• **What the task requires**
Transcribe the lines below exactly, beginning with the line that holds "Beyaz boş kartlı" and ending with the final line, both included. Pictures are to be left out.

• **Data shown**

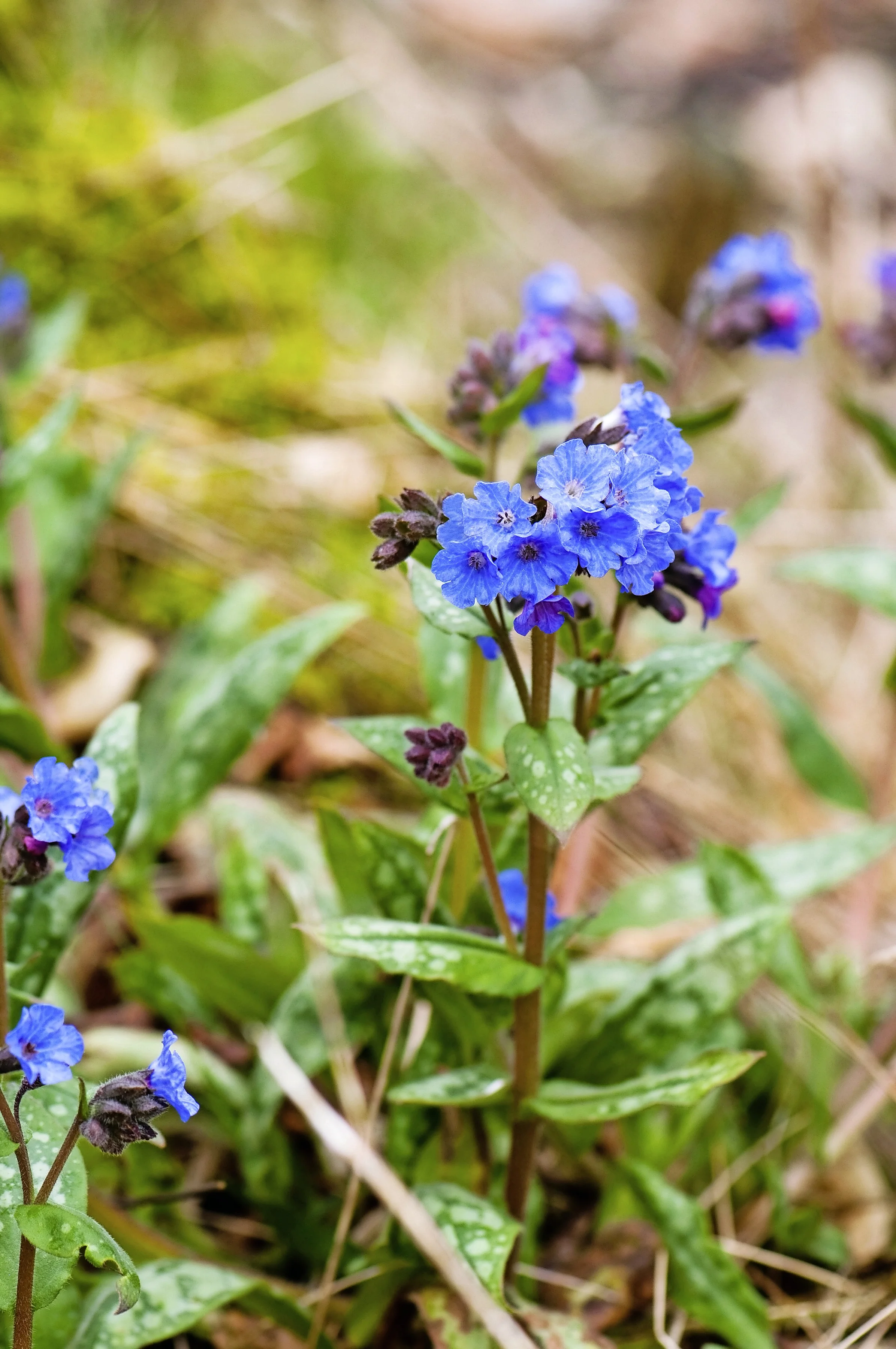 Pulmonaria.jpg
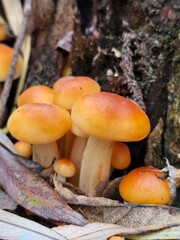 mushrooms in the forest, mushrooms on a tree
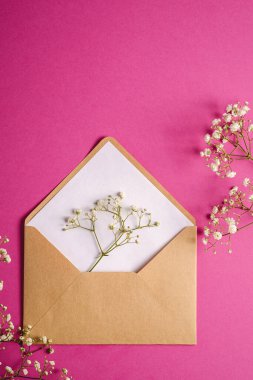 Beyaz boş kartlı Kraft kahverengi kağıt zarf, çigila çiçekleri, mor pembe arka plan, sahte boş harf.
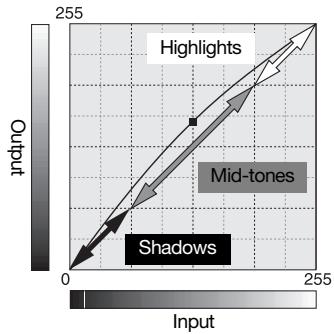 KONICA MINOLTA SCAN DUAL IV - A short guide to tone curve corrections - 1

• **Exercise solution**
 Beyaz boş kartlı Kraft kahverengi kağıt zarf, çigila çiçekleri, mor pembe arka plan, sahte boş harf.
 KONICA MINOLTA SCAN DUAL IV - A short guide to tone curve corrections - 1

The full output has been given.